#### Instructions to follow:
Return every record below exactly as written, omitting any pictures.

Stored items from a collection:
Content starts

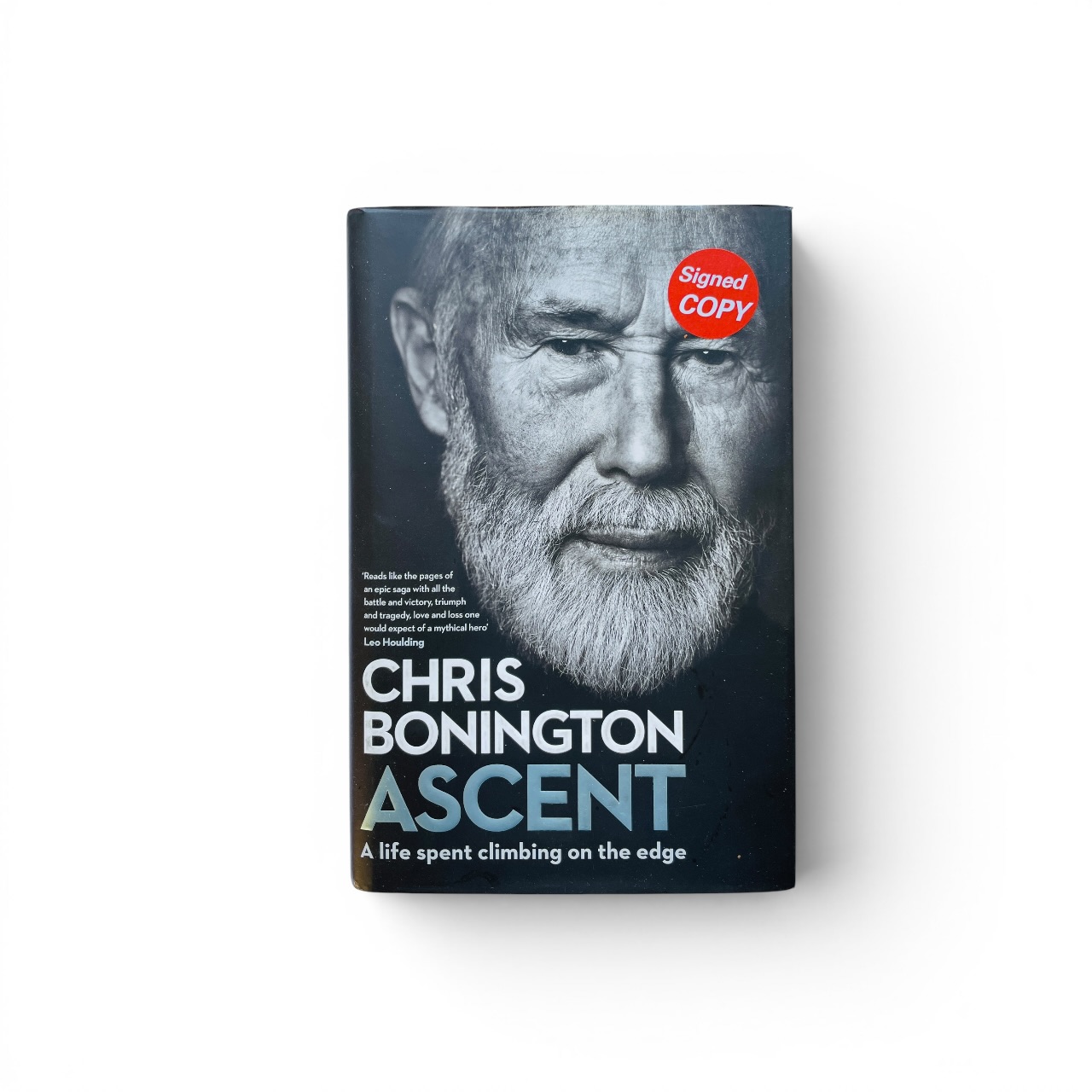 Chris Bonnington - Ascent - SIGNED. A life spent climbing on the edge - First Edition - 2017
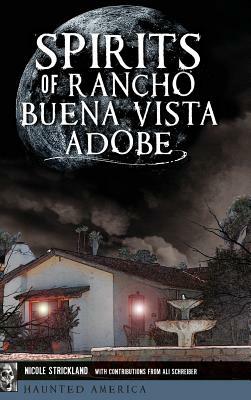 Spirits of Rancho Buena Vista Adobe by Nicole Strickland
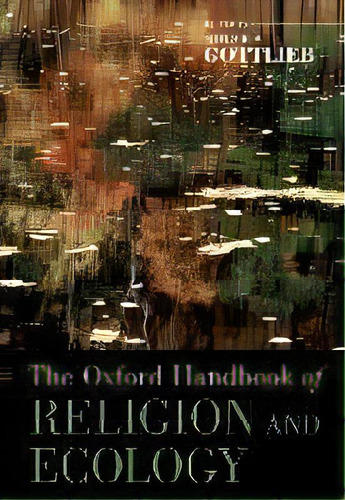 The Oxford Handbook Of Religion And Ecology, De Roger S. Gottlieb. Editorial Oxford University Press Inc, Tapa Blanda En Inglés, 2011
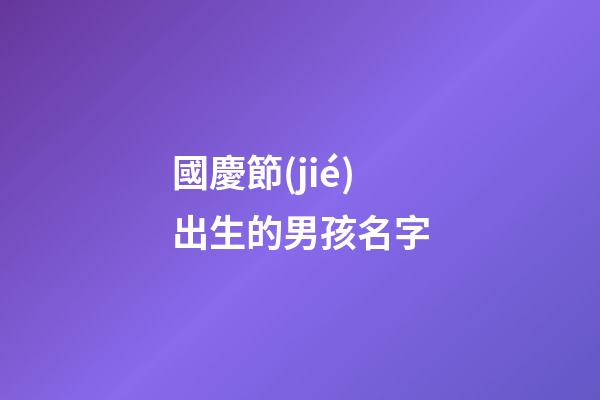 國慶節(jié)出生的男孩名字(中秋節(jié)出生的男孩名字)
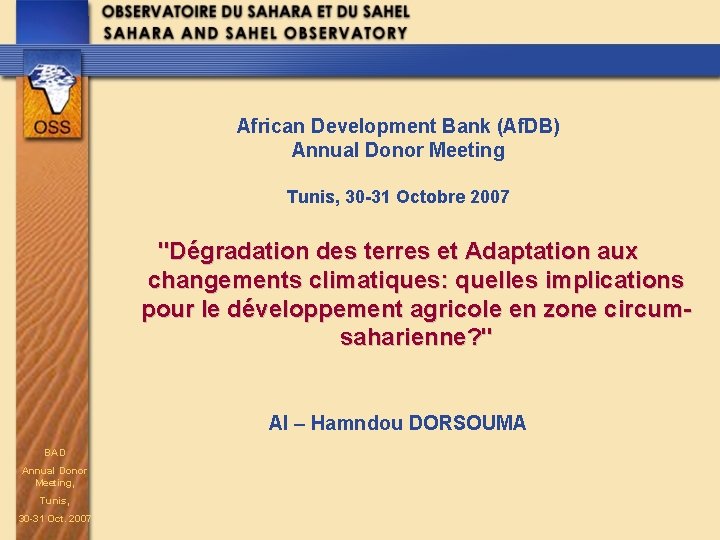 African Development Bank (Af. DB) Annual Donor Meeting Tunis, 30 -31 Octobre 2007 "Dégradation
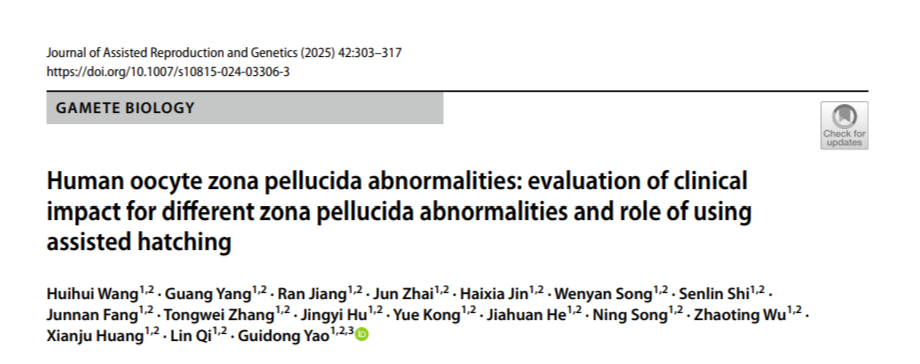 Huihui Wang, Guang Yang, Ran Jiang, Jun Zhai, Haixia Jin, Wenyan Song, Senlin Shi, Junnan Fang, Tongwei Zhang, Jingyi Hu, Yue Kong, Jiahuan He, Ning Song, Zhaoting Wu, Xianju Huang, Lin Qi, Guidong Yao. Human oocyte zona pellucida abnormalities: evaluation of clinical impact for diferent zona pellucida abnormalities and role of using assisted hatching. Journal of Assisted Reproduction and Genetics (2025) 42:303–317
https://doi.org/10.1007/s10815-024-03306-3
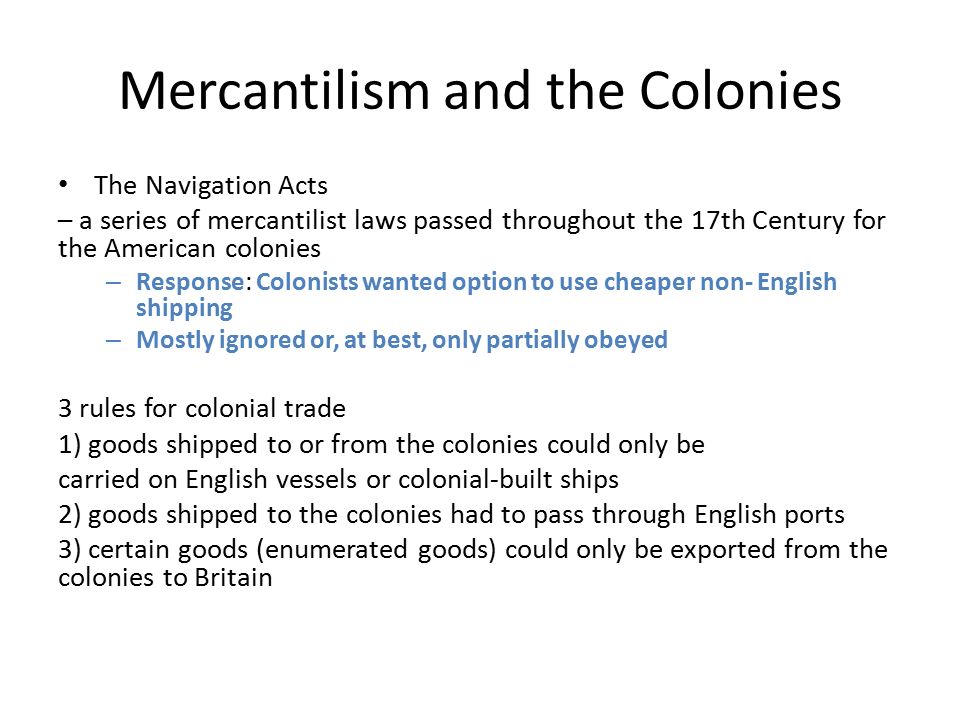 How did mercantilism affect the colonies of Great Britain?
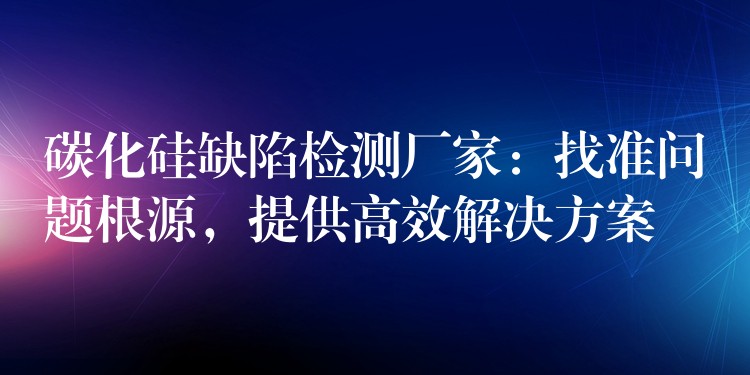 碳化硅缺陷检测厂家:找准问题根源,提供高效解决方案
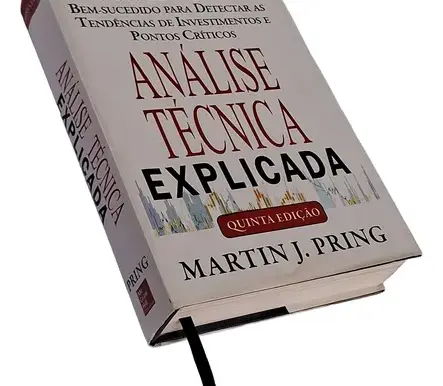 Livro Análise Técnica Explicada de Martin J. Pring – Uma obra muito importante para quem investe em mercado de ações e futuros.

Content ends

#### Written answer:
 Chris Bonnington - Ascent - SIGNED. A life spent climbing on the edge - First Edition - 2017
 Spirits of Rancho Buena Vista Adobe by Nicole Strickland
 The Oxford Handbook Of Religion And Ecology, De Roger S. Gottlieb. Editorial Oxford University Press Inc, Tapa Blanda En Inglés, 2011
 國慶節(jié)出生的男孩名字(中秋節(jié)出生的男孩名字)
 African Development Bank (Af. DB) Annual Donor Meeting Tunis, 30 -31 Octobre 2007 "Dégradation
 Huihui Wang, Guang Yang, Ran Jiang, Jun Zhai, Haixia Jin, Wenyan Song, Senlin Shi, Junnan Fang, Tongwei Zhang, Jingyi Hu, Yue Kong, Jiahuan He, Ning Song, Zhaoting Wu, Xianju Huang, Lin Qi, Guidong Yao. Human oocyte zona pellucida abnormalities: evaluation of clinical impact for diferent zona pellucida abnormalities and role of using assisted hatching. Journal of Assisted Reproduction and Genetics (2025) 42:303–317
https://doi.org/10.1007/s10815-024-03306-3
 How did mercantilism affect the colonies of Great Britain?
 碳化硅缺陷检测厂家:找准问题根源,提供高效解决方案
 Livro Análise Técnica Explicada de Martin J. Pring – Uma obra muito importante para quem investe em mercado de ações e futuros.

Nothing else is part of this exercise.